А в пору ту, когда рыхлой земле сырой отроду еще не боле трех дней было, наступил Никола нечаянно, землю дозором обходя, на смутную грань моря и суши первозданных и след свой оставил здесь… Промелькнули потом буйной оравой неуловленные в память дни, канули в пустотные тартарары вся сотня сотен и тьма тем. И в том Николином следу вырубил отец Егорушкин хижинку себе двуглазку и сараюшко к ней. А чтоб неповадно было косоглазым бурьям под крыши заглядывать, придавил он крыши каменными, круглыми лепехами.

Отошел однажды Егорушкин отец, деревянное распятье могилки его еженощно хорява-ветер целует, отправляясь на разбой. Прикупил тогда себе Егорушка карбасов новых два, сплел себе сильны яруса, взял жену себе, узкоглазую Иринью, Андрея Фомича дочь из поселка Нель… Иринья, вот она: в глазах ее щебечут серые ласковые пичуги, сердце же подобно обители веселых зайчат. Два лишь года отделили Егорушкину свадьбу от нонешнего дня.

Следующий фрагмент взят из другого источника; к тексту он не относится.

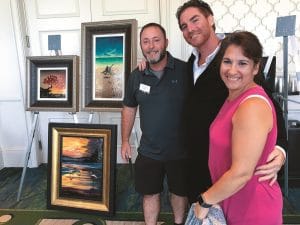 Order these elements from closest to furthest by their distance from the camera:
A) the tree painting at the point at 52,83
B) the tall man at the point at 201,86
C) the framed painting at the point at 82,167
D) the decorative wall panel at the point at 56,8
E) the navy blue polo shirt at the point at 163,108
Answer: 1. the tall man at the point at 201,86
2. the navy blue polo shirt at the point at 163,108
3. the framed painting at the point at 82,167
4. the tree painting at the point at 52,83
5. the decorative wall panel at the point at 56,8

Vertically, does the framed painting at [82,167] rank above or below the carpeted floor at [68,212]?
above

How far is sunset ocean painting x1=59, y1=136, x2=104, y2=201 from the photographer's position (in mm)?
2363

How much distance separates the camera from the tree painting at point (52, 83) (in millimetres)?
2561

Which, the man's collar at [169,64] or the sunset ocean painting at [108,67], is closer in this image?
the man's collar at [169,64]

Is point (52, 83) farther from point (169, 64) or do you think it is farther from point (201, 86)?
point (201, 86)

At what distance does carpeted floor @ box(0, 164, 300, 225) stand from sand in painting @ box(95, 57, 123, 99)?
947 millimetres

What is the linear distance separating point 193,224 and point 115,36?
172cm

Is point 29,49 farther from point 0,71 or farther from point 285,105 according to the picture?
point 285,105

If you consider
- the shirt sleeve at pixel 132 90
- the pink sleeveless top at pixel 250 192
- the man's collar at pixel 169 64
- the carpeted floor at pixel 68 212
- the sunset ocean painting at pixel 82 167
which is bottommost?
the carpeted floor at pixel 68 212

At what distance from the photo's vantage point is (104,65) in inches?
96.8

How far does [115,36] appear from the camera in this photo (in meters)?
2.41

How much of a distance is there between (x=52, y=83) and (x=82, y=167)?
0.79 metres

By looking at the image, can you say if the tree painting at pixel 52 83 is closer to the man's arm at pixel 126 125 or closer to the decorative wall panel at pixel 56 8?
the man's arm at pixel 126 125

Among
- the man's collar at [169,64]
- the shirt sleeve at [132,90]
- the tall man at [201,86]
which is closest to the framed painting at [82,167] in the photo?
the shirt sleeve at [132,90] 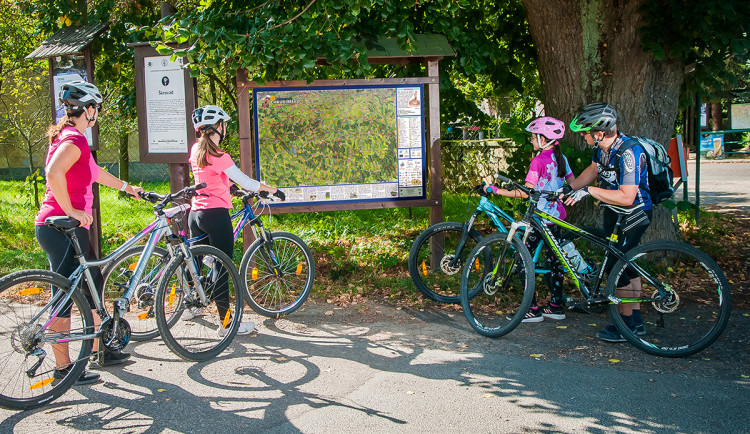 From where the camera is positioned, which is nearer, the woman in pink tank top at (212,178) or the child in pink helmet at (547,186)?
the woman in pink tank top at (212,178)

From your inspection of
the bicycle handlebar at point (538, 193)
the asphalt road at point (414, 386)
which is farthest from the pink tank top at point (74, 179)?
the bicycle handlebar at point (538, 193)

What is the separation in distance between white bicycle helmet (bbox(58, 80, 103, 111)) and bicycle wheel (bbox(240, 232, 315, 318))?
2.01 metres

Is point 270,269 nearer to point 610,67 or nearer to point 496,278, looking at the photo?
point 496,278

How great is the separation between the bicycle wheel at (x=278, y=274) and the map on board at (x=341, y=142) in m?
1.07

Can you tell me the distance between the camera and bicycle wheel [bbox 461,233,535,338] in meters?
5.46

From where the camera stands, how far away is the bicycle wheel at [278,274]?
20.5 ft

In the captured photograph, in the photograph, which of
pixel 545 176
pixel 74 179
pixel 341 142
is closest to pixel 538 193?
pixel 545 176

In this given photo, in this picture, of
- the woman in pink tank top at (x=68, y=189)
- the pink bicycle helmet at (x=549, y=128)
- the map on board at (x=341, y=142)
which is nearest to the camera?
the woman in pink tank top at (x=68, y=189)

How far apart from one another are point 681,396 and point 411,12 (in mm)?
5673

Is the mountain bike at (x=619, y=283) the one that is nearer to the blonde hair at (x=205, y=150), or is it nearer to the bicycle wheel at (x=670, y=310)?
the bicycle wheel at (x=670, y=310)

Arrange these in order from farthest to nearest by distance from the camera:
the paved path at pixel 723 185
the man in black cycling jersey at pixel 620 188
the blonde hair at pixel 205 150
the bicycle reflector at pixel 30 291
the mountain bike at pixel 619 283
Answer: the paved path at pixel 723 185 < the blonde hair at pixel 205 150 < the man in black cycling jersey at pixel 620 188 < the mountain bike at pixel 619 283 < the bicycle reflector at pixel 30 291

Так и живут они. Ходит Егорушка на грудастом карбасе по заливчику, снимает яруса, а жена ему веслом привычным правит путь. Ветер им песню котенком мурлычет. Волны бегут, торопясь разбиться. Глазу широко, и душе легко.

* * *

Зачнем рассказ свой с единой рыжей осени.

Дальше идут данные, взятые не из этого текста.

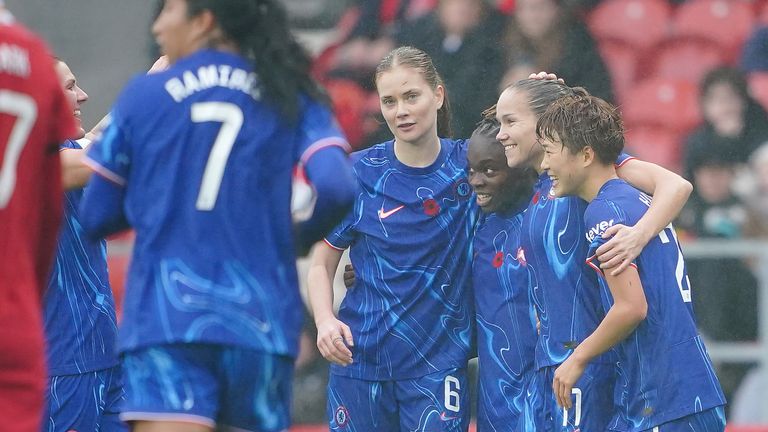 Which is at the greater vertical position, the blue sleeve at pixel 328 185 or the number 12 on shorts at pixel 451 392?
the blue sleeve at pixel 328 185

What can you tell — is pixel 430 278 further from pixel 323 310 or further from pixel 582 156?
pixel 582 156

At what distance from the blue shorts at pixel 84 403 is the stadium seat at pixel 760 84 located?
16.3 feet

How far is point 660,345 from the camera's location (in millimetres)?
4297

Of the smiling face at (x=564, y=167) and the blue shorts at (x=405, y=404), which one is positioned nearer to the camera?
Result: the smiling face at (x=564, y=167)

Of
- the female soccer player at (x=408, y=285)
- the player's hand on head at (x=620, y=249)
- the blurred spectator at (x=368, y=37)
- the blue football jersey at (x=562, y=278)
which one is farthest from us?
the blurred spectator at (x=368, y=37)

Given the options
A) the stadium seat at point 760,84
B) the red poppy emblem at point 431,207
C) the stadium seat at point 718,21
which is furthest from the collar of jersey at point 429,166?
the stadium seat at point 718,21

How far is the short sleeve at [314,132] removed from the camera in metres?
3.42

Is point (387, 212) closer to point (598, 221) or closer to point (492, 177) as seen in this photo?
point (492, 177)

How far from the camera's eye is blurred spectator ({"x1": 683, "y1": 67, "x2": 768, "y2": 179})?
26.1 ft

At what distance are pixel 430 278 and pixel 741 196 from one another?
336 cm

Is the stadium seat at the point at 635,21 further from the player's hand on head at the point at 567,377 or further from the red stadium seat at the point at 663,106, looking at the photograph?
the player's hand on head at the point at 567,377

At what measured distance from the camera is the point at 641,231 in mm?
4273

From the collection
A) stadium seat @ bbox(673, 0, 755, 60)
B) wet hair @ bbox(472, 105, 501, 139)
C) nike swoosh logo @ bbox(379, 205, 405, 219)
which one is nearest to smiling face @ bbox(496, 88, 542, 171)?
wet hair @ bbox(472, 105, 501, 139)

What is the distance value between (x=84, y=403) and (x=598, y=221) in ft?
5.98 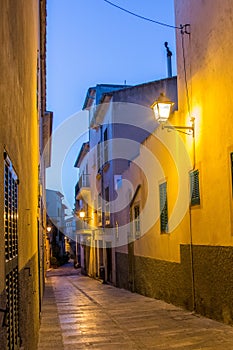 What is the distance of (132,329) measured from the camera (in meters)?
8.98

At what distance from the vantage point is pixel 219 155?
9055 mm

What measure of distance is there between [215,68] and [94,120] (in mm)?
20038

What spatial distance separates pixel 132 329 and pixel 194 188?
12.0 feet

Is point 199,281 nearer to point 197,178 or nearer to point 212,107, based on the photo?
point 197,178

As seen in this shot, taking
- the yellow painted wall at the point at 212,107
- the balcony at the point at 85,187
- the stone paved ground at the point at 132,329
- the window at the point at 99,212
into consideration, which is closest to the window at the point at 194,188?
the yellow painted wall at the point at 212,107

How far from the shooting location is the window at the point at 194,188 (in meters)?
10.3

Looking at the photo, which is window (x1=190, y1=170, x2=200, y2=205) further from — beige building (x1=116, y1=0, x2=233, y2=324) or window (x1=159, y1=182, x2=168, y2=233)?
window (x1=159, y1=182, x2=168, y2=233)

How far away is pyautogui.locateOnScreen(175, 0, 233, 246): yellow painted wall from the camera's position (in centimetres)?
868

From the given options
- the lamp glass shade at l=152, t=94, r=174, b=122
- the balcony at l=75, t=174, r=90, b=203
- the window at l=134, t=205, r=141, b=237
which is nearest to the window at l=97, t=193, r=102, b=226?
the balcony at l=75, t=174, r=90, b=203

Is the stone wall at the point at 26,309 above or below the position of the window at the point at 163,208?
below

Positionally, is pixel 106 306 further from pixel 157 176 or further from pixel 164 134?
pixel 164 134

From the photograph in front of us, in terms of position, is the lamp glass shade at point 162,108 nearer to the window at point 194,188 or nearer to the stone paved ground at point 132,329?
the window at point 194,188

Вечер обозначил лиловой тучей в закате поздний путь свой. Пол-неба в огне, пол-неба в пене морской. А по Нюньюгу расползлись туда и сюда огненных колымаг колеи.

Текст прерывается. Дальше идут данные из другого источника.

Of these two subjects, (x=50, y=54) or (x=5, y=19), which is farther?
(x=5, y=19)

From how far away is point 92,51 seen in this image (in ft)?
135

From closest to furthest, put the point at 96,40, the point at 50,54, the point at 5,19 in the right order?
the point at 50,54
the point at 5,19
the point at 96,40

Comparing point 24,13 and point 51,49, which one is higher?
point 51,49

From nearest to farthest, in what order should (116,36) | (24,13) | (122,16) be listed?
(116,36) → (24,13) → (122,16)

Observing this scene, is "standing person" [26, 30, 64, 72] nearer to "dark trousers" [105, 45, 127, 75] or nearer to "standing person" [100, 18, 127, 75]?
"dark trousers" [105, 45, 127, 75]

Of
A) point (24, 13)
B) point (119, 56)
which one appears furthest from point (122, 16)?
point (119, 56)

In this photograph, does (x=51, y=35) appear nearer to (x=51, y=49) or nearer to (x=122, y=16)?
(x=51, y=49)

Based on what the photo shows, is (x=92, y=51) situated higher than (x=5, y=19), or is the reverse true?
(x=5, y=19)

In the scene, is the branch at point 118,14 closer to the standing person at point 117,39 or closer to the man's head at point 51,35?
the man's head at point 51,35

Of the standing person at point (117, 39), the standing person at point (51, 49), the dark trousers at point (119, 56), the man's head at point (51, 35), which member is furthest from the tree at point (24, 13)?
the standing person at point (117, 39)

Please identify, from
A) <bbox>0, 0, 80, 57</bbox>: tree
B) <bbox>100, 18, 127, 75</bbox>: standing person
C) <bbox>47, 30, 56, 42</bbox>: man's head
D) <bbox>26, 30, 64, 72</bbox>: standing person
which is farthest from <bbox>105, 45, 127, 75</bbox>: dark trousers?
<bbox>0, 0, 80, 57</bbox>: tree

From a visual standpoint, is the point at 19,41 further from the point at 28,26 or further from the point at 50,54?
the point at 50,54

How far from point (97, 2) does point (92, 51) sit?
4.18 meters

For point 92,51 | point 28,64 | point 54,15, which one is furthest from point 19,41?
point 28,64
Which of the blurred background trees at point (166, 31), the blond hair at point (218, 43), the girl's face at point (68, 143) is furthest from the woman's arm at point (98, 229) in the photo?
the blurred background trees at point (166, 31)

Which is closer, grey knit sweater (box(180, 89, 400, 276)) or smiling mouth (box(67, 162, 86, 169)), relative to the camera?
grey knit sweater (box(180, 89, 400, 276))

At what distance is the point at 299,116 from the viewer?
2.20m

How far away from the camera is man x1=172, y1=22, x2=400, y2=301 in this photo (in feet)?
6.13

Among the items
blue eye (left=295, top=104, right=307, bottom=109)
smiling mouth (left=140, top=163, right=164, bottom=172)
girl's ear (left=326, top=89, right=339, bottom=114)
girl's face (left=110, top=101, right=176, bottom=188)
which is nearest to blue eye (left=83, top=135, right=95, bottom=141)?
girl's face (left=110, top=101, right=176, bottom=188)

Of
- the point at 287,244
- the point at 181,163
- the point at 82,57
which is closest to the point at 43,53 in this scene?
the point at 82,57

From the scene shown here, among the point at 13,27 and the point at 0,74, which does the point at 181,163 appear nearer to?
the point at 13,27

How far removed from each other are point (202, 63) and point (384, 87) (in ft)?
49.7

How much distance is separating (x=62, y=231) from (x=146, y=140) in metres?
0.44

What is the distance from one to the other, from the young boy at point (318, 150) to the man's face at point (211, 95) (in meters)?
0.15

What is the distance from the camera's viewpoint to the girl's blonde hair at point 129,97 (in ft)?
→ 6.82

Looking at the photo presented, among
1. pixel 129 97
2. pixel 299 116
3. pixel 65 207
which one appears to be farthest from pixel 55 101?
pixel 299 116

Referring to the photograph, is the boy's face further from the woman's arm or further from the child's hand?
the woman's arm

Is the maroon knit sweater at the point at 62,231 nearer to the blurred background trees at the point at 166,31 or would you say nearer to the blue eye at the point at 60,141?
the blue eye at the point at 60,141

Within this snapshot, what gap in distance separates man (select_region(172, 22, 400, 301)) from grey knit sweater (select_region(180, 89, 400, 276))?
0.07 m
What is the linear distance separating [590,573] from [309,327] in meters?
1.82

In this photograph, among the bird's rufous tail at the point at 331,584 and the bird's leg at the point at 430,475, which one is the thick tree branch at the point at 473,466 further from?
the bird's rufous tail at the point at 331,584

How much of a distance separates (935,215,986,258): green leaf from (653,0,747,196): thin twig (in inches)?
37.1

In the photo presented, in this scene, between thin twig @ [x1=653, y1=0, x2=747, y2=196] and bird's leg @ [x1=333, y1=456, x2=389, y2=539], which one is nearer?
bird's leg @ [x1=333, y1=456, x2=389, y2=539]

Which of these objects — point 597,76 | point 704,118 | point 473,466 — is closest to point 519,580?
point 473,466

На зализанной морем отмели, возле карбасов, сидят два. Колеблет ровный ветер пасмурную зелень моря и немногие былинки, касаясь и головы Егорушкиной, осиянной светлым льном волос. Торчит несуразно у Ириньи под холостинной юбкой выкруглившийся полной луной живот ее. И это хорошо, что на девятом месяце она. Скоро-скоро, недолго ждать осталось, заплачет маленький на острову. И отмерит Никола рыбной благодати нескупо на сынишку Егорушки, нагоняя рыбу в заливчик подобно весеннему тюленю. Что ж, выедет Егорушка в утрее время, да и подцепит пикшуя пудов на двенадцать… Вот дивень, на таком и в Соловки обыденкой скатать возможно!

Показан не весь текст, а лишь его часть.